Namun, khusus di Kabupaten Pamekasan, hari ini besar di Kampus-kampus yang bisa dibilakang Aswaja. Bahkan Ketua Cabang hari ini merupakan seorang santri, dan pengurusnya juga didominasi oleh para santri. Bahkan hingga ke DPK-DPK se Kabupaten Pamekasan, relatif banyak dihuni para santri. Santri yang belajar dan menganut paham Marhaenisme, ideologi besar yang digaungkan oleh seorang Proklamator Kemerdekaan, Ir Soekarno.
Apakah GMNI ini yang dianggap teroris karena alasan di atas? tentu saja tidak. Jauh sebelum ada slogan Pancasila dan NKRI harga mati populer belakangan ini, kader GMNI sejak Komisariat yang sekarang menjadi DPK, sudah makanan sehari-hari berbicara itu. Bahkan, tidak sebatas kajian semata, tapi sudah tahap ejawantah dari nilai tersebut.
Salah satu ukurannya sederhana, Kader GMNI tidak diajarkan ketika merasa yakin bahwa jalan memilih Marhaenisme dan Pancasila sebagai pegangan hidup, tidak terus kemudian diajarkan untuk mengatakan kelompok lain serta-merta salah. Karena kader GMNI percaya, Gotong Royong merupakan nilai dasar dari Pancasila itu. Di mana, makna gotong royong itu banyak, ada tenggang rasa, pun juga toleransi. Yang pada prinsipnya, jika ada orang lain, atau kelompok lain itu sakit, kader GMNI merasakan sakit yang sama. Sederhananya, Pancasila ada di hati masing-masing kader GMNI.
Jadi jika di Bumi Gerbang Salam terindikasi ada aliran-akiran fundamentalis, atau yang bisa disebut Radikalisme belakangan ini, sebaiknya kita bedah bareng-bareng agar tidak menjadi bias. Di mana kelompok itu ada? Dan bagaimana cara masuknya? sebaiknya dibahas bersama, terutama libatkan Organisasi Mahasiswa baik Intra maupun ekstra kampus. Jika benar itu ada, kita sudah punya perangkat yang namanya Kepolisian, BNPT dan pihak berwenang yang lainnya. Laporkan saja. Jangan kita mengambil peran yang sebenarnya bukan tugas kita,Jumat (02/04/2021).

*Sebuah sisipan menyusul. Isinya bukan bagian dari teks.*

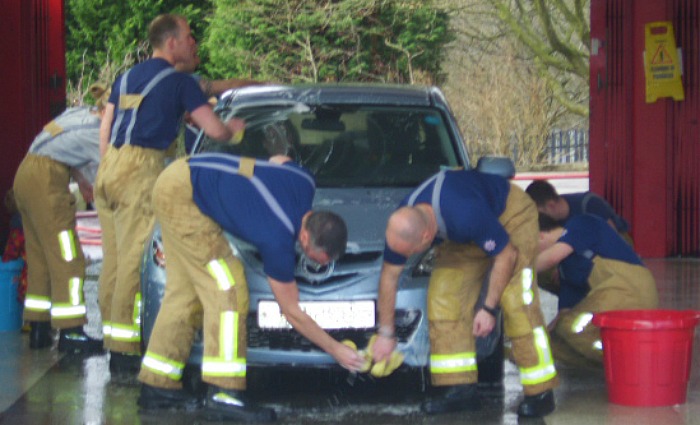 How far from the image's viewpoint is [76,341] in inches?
329

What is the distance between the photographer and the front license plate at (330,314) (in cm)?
638

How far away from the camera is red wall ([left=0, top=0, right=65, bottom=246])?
37.2ft

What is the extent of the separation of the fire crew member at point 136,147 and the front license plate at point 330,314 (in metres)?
1.27

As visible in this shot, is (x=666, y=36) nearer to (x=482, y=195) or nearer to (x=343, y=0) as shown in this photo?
(x=482, y=195)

Toh yang kita pahami bersama, ‘Amar Ma’ruf nahi mungkar, bentuk ejawantahnya amar bil ma’ruf dan nahi mungkar bil ma’ruf, bukan? Artinya, penyampaian pun harus dengan cara-cara yang baik.
Pernyataan yang disampaikan dengan cara-cara provokasi, bukannya menyelesaikan masalah, justru akan menjadi bias bagi mahasiswa. Jika itu dibiarkan, bukankah itu akan menjadi masalah baru? bukannya kita memberantas Fundamentalisme, Terorisme, Radikalisme, atau apapun namanya itu yang kita sama-sama tidak sepakat, justru malah kita menciptakan ketegangan satu sama lain.